#### Study material

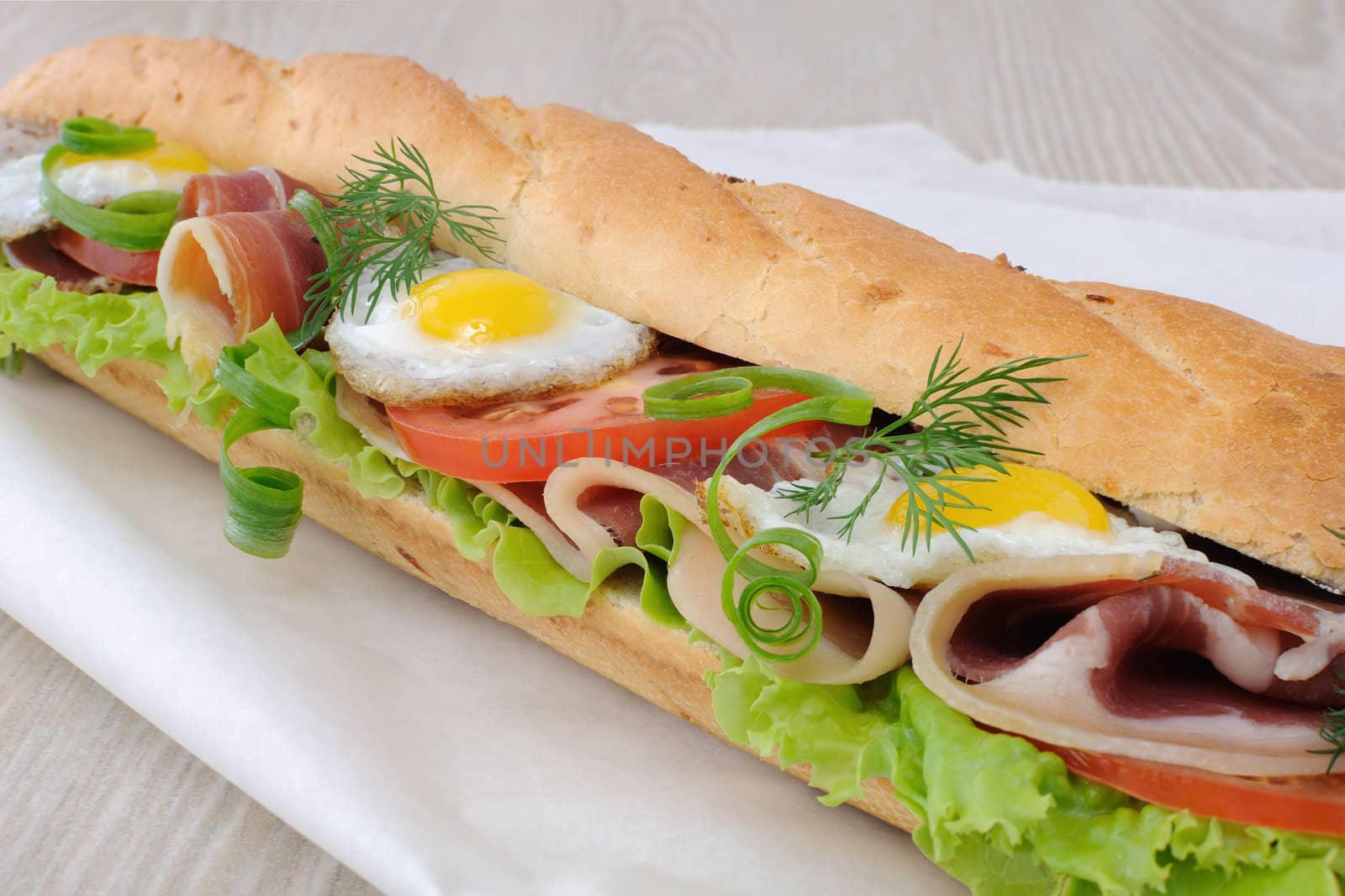 Big sandwich with ham, tomato and fried quail egg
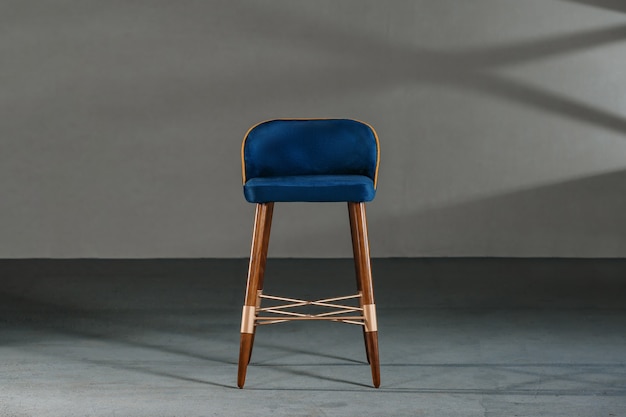 Blue dining room chair in a studio with gray walls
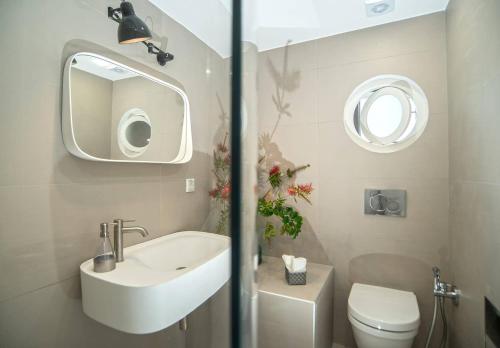 库卡里Eftopia Beachfront Studio的一间带水槽、卫生间和镜子的浴室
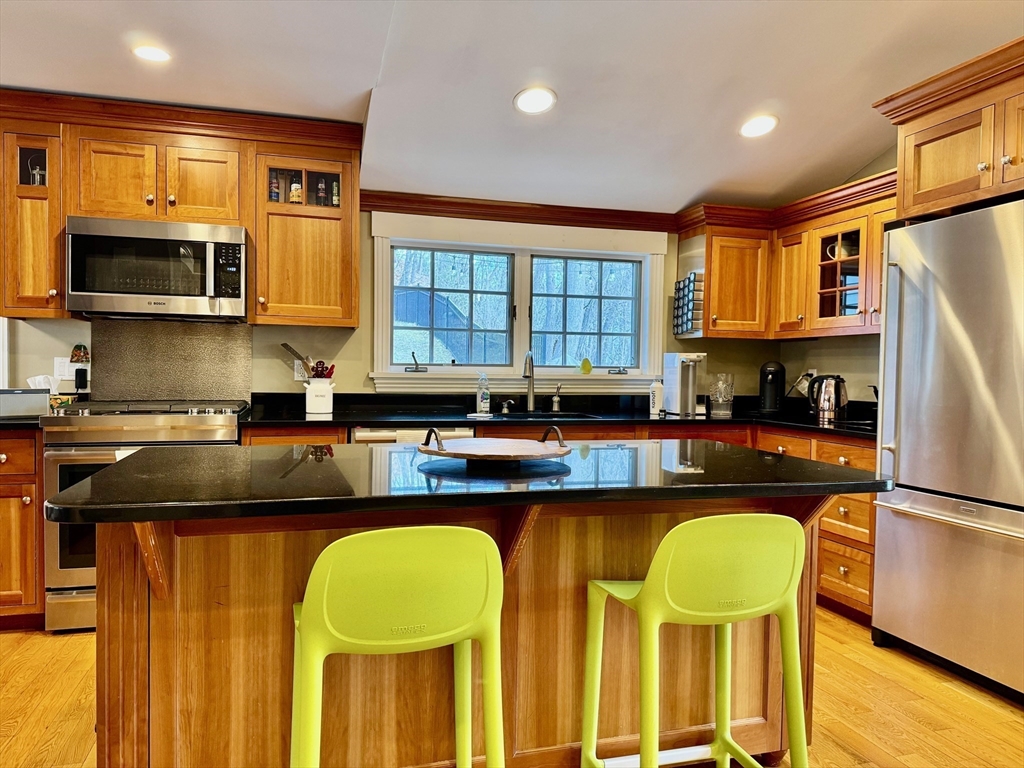 601 Lexington Road Concord, MA 01742 - Photo 3 of 16 a kitchen with a refrigerator a stove a sink and a cabinets
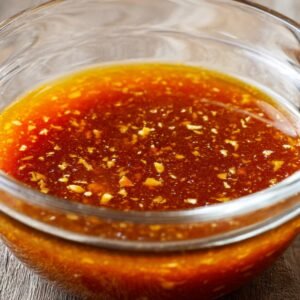 A glass bowl filled with freshly prepared orange sauce, containing visible garlic and zest.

########

> [Task description]
Output all data exactly, omitting images.

> [Response to this task]
 Big sandwich with ham, tomato and fried quail egg
 Blue dining room chair in a studio with gray walls
 库卡里Eftopia Beachfront Studio的一间带水槽、卫生间和镜子的浴室
 601 Lexington Road Concord, MA 01742 - Photo 3 of 16 a kitchen with a refrigerator a stove a sink and a cabinets
 A glass bowl filled with freshly prepared orange sauce, containing visible garlic and zest.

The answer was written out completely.